**REQUIRED WORK:** Below are records; print only the lines from the line containing "Остров Swaraj Dweep: Placid Garden Resort" to the end, both included, reproduced exactly and without the pictures.

Data items
◆ ◆ ◆ ◆

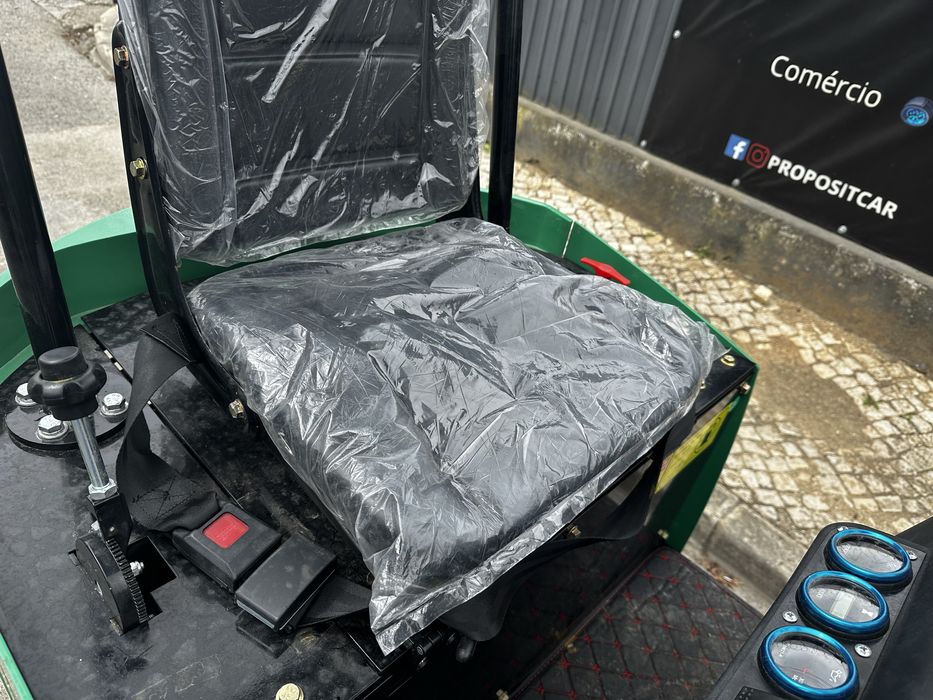 ULTIMA UNIDADE GIRATÓRIA JPC12  NOVA ###ULTIMA UNIDADE###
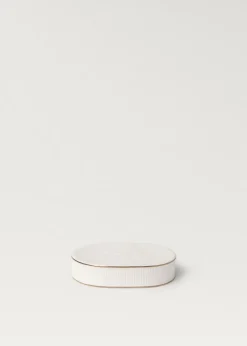 MANGO Akcesoria Łazienkowe*Mydelniczka ritz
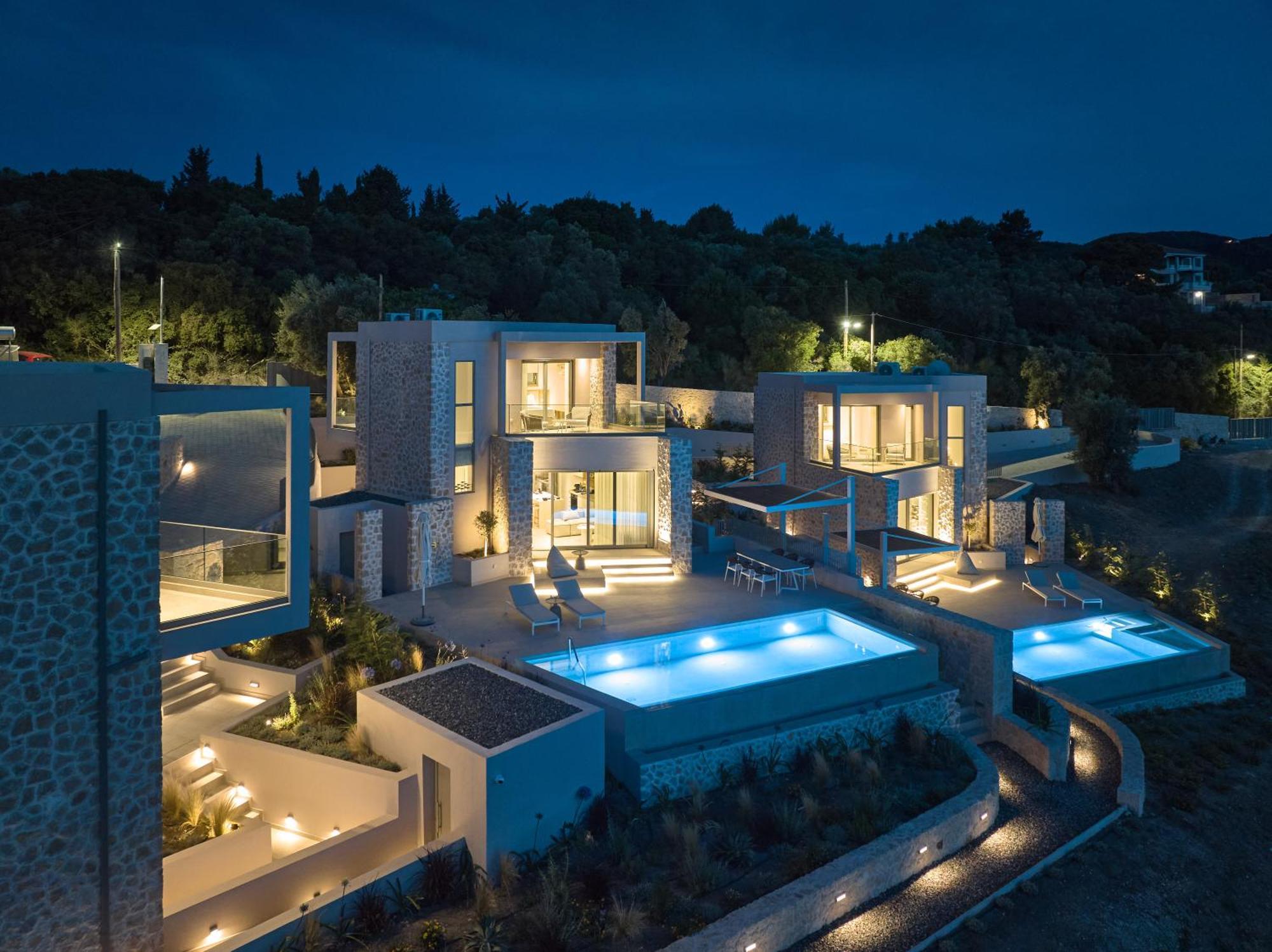 Villa Olvion Luxury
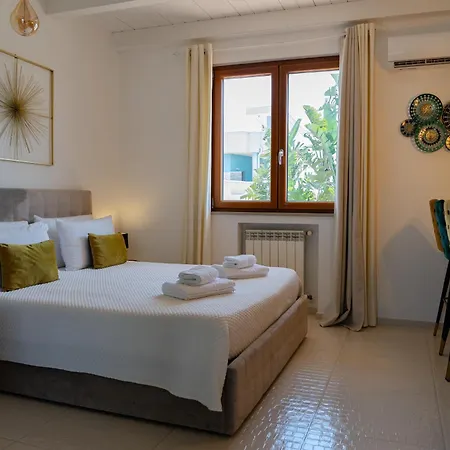 5suitesuperior Апартаменты Бари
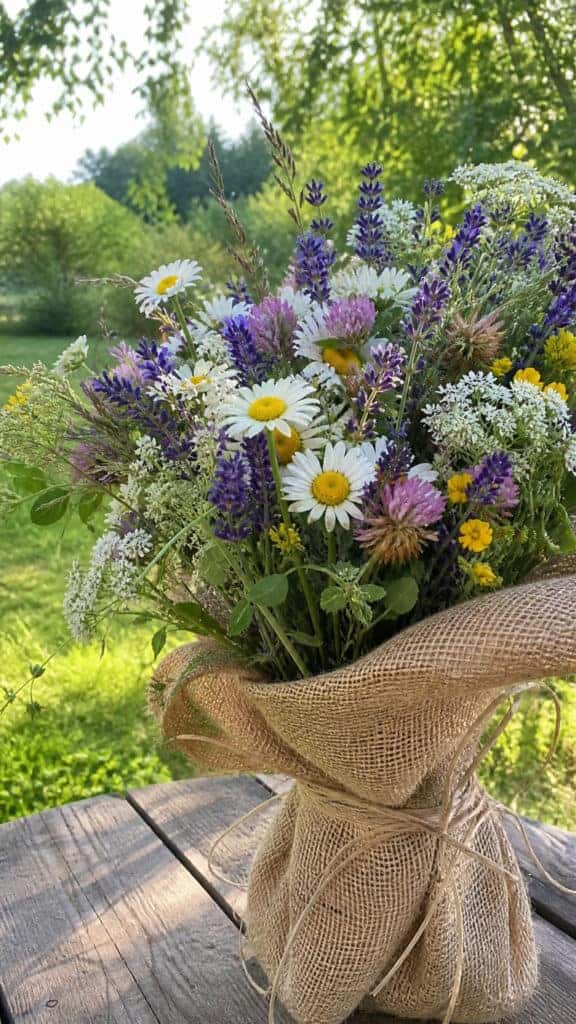 Wildflower Meadow Mix
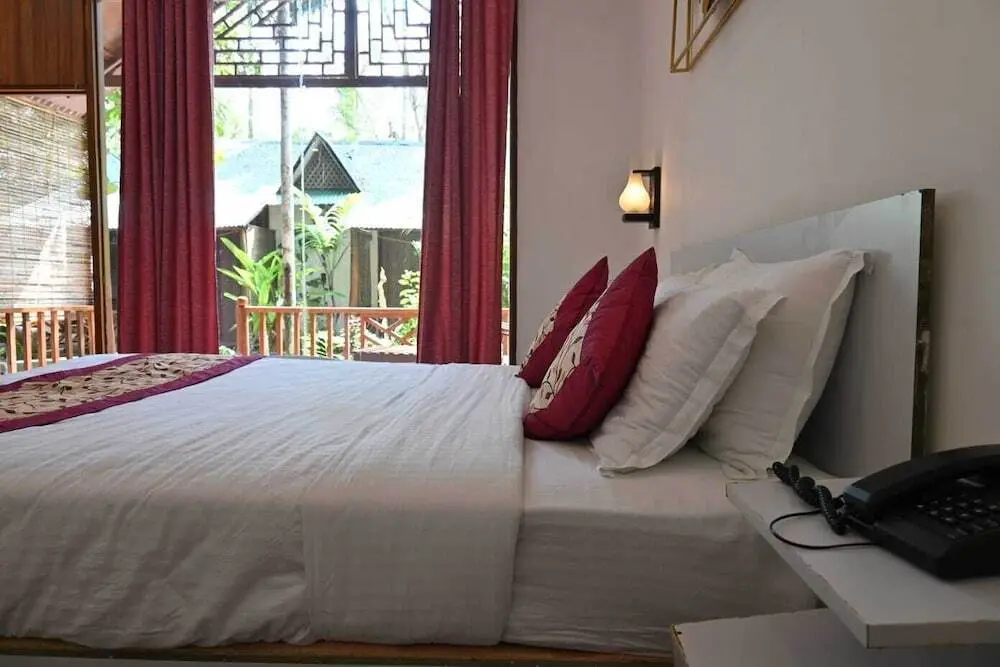 Остров Swaraj Dweep: Placid Garden Resort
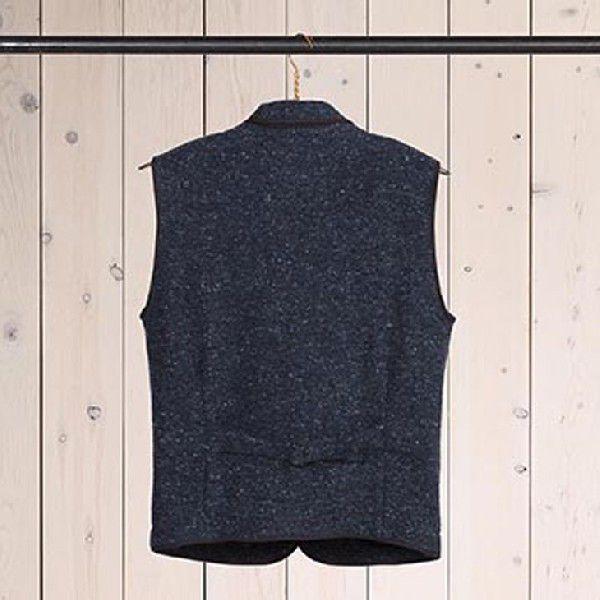初期 LEVI'S MADE&CRAFTED リーバイス WABASHI ベスト 初期 LEVI'S MADE&CRAFTED リーバイス WABASHI ベスト Levi's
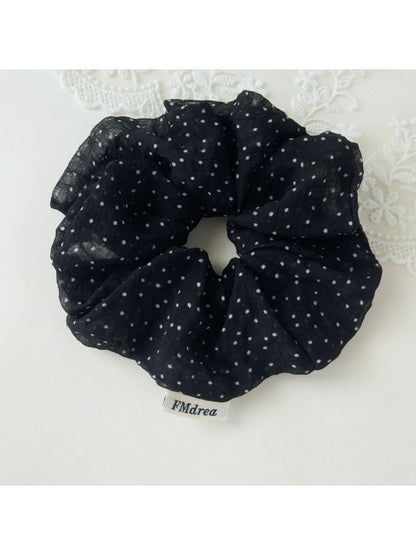 Gifty - Cute Polka Dot Hair Circle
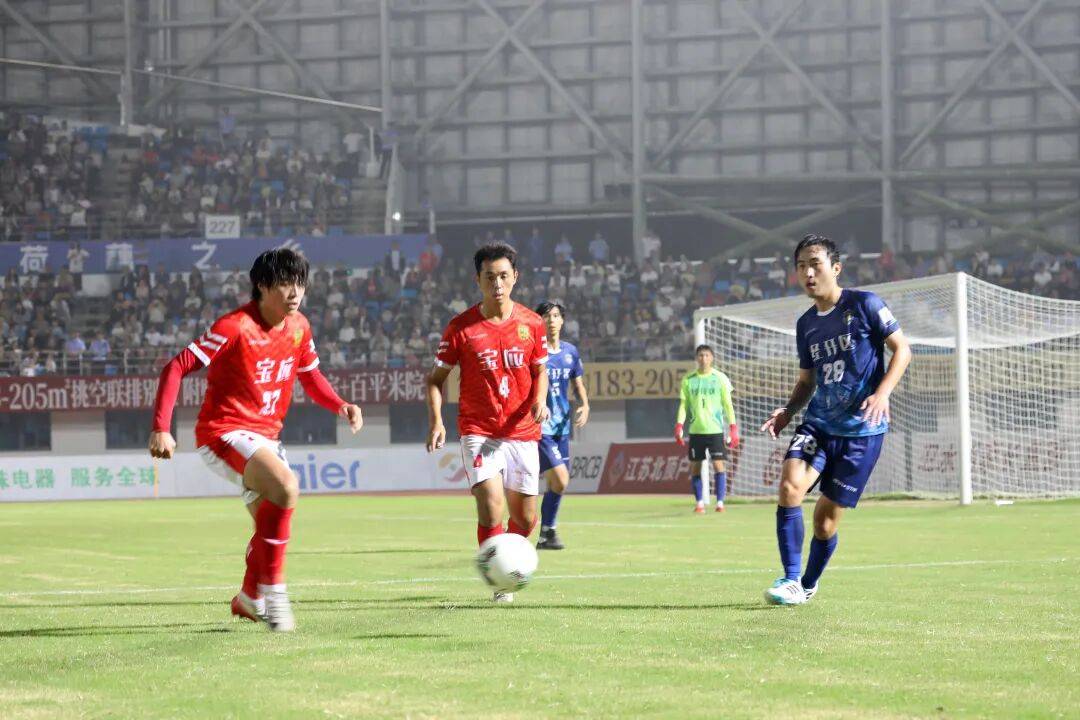 1 : 3,拿下“天王山之战”!经开区队登顶!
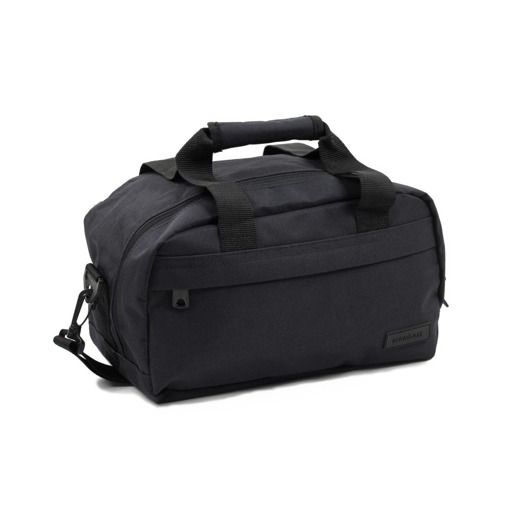Obrazek Torba kabinowa MEMBER'S SB-0043 - czarna 14 L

◆ ◆ ◆ ◆

**EXERCISE SOLUTION:**
 Остров Swaraj Dweep: Placid Garden Resort
初期 LEVI'S MADE&CRAFTED リーバイス WABASHI ベスト 初期 LEVI'S MADE&CRAFTED リーバイス WABASHI ベスト Levi's
 Gifty - Cute Polka Dot Hair Circle
 1 : 3,拿下“天王山之战”!经开区队登顶!
Obrazek Torba kabinowa MEMBER'S SB-0043 - czarna 14 L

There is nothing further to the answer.